MCIRP：多图像多模态命名实体识别中基于关系传播的多粒度跨模态交互模型

现有的多模态命名实体识别（MNER）方法大多侧重于处理单幅图像的文本内容，而不能有效地处理多幅图像的内容。因此，多图像的MNER具有重要的研究潜力。然而，目前用于这项任务的方法面临两个关键限制：(1)平等地对待所有图像，而不评估它们与文本的相关性，这可能会引入来自不相关图像的视觉噪声；(2)单纯依赖粗粒度的图像特征，忽略了文本与每张图像之间的细粒度对齐。为了解决上述限制，本工作引入了一种基于关系传播的新型多粒度跨模态交互模型（MCIRP），该模型有效地利用了来自多个图像的信息。对于第一个限制，我们提出了一种文本-图像关系传播策略，该策略计算文本和每个图像之间的相关性评分，从而能够选择性地利用相关图像信息。对于第二个限制，我们提出了一种多粒度跨模态交互融合技术，以促进不同粒度级别的文本和视觉特征的融合。据我们所知，这是第一个探索具有多图像的MNER任务的文本-图像关系传播的研究。结果表明，MCIRP在两个多图像MNER公共数据集（MNER- mi和MNER- mi - plus）上的F1分数分别提高了3.65%和0.56%，在现有的多图像方法中达到了SOTA的性能。

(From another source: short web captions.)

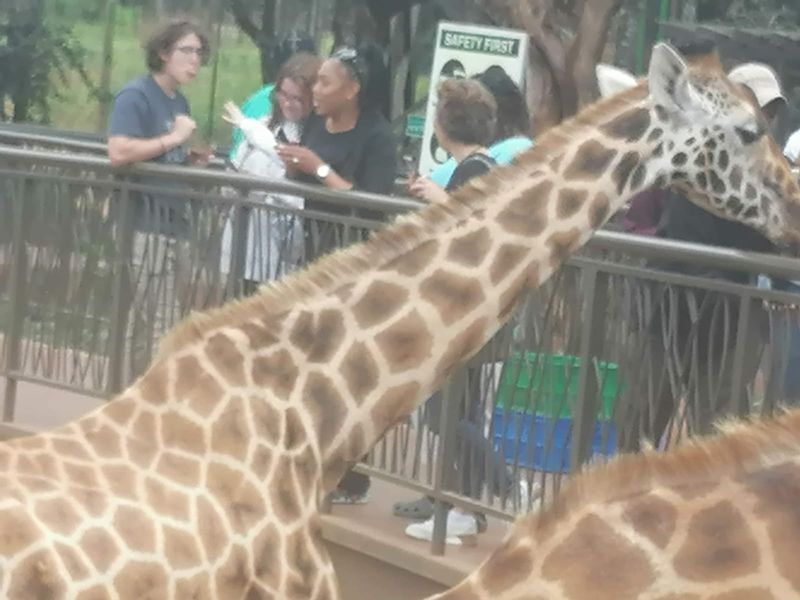 Nairobi Private Tour - Giraffecentre Nairobi - feeding giraffes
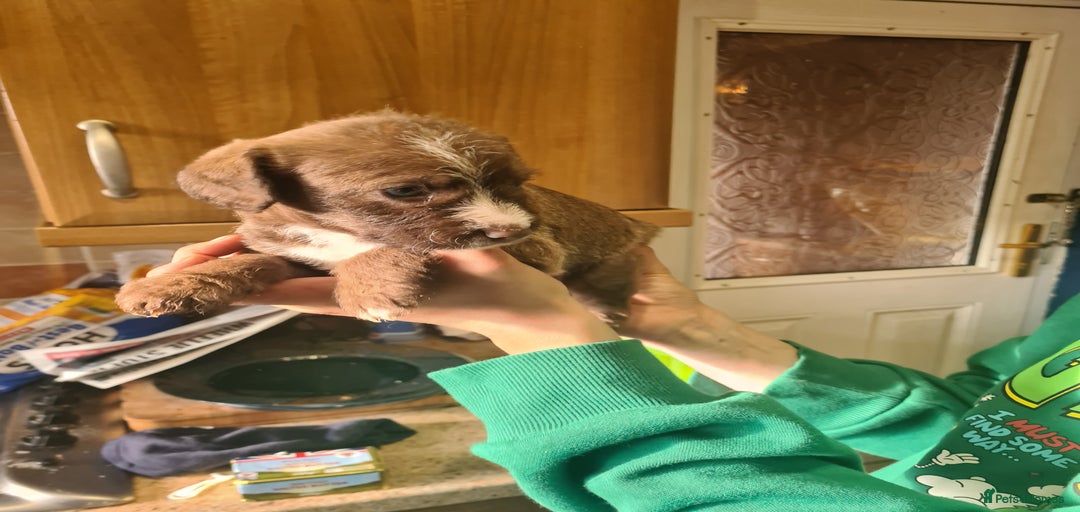 Gallery Image {{count}}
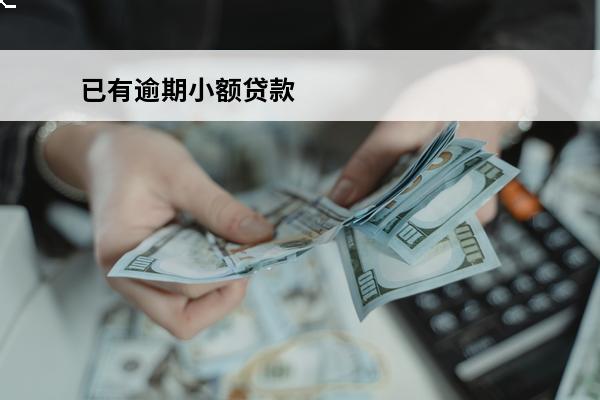 已有逾期小额贷款
 小贷有逾期能办信用卡吗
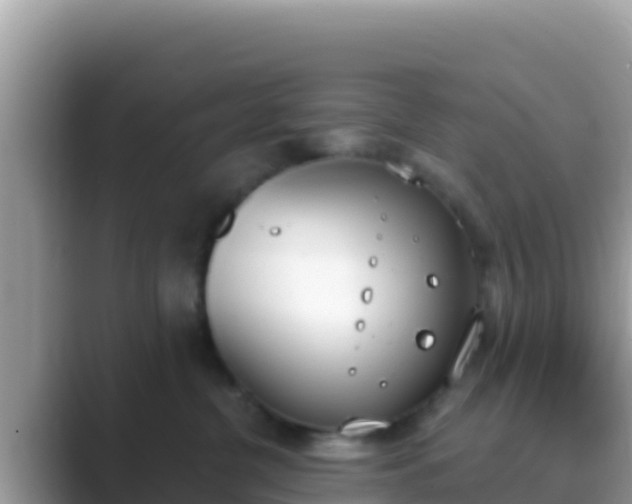 X0000089830380200707051043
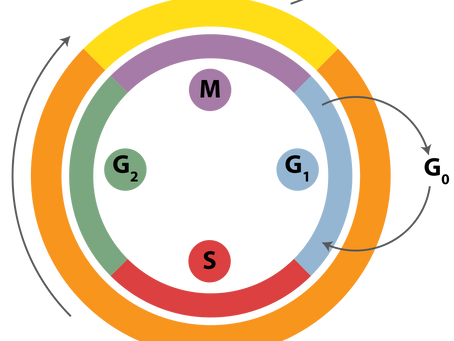 Reproducción celular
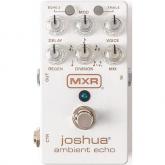 ECHO PEDAL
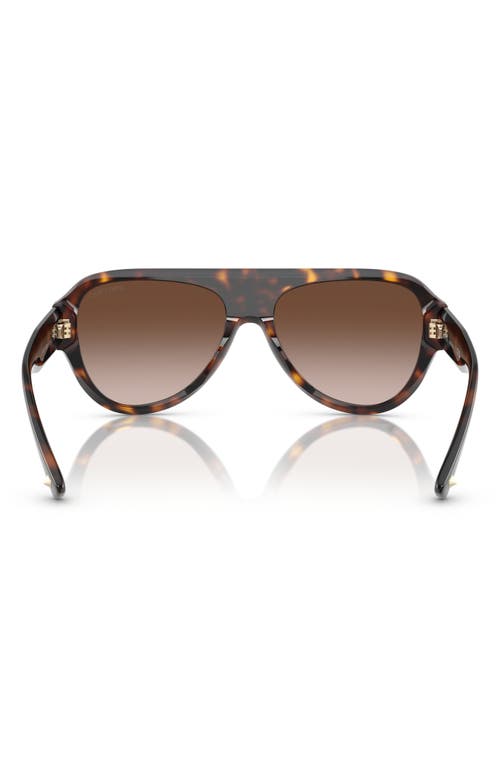 Jimmy Choo Eyewear Aviator Frame Sunglasses In Havana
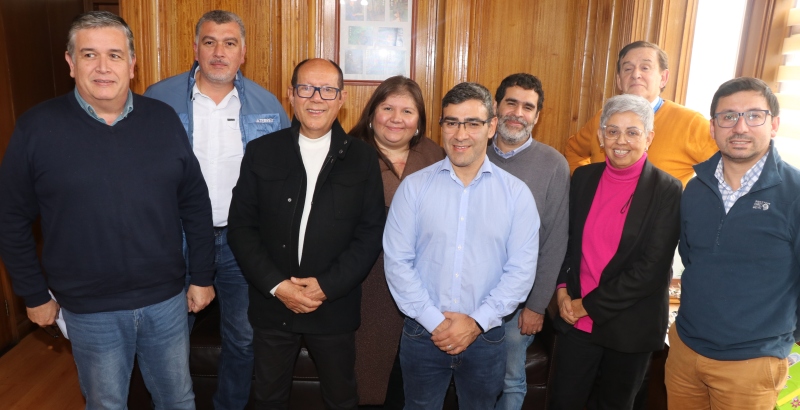 Mejoramiento pasada urbana ruta S-95-T: Una solución para la congestión vehicular hacia Licán Ray - Red Informativa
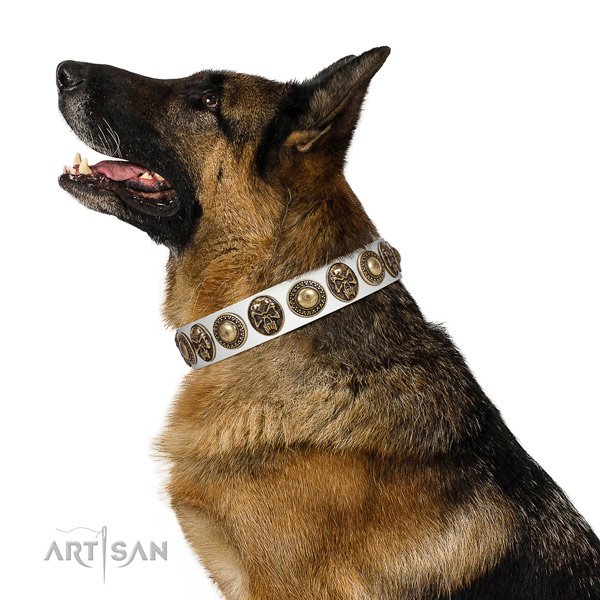 Embellished genuine leather collar for your beautiful canine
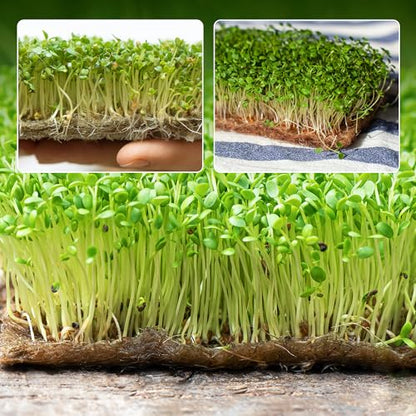 10 Pack Jute Grow Mat for Microgreens, 5" x 5" Hydroponic Grow Pads for Growing Tray Sprouting Trays Jute Fiber Seed Starter Planting for Micro Greens & Wheatgrass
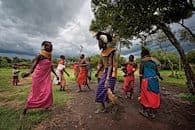 De rencontres en safaris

本文章由计算机程序翻译，如有差异，请以英文原文为准。

求助全文

约1分钟内获得全文求助全文

来源期刊

Information Processing & Management 工程技术-计算机：信息系统

CiteScore

17.00

自引率

11.60%

发文量

276

审稿时长

39 days

期刊介绍： Information Processing and Management is dedicated to publishing cutting-edge original research at the convergence of computing and information science. Our scope encompasses theory, methods, and applications across various domains, including advertising, business, health, information science, information technology marketing, and social computing. We aim to cater to the interests of both primary researchers and practitioners by offering an effective platform for the timely dissemination of advanced and topical issues in this interdisciplinary field. The journal places particular emphasis on original research articles, research survey articles, research method articles, and articles addressing critical applications of research. Join us in advancing knowledge and innovation at the intersection of computing and information science.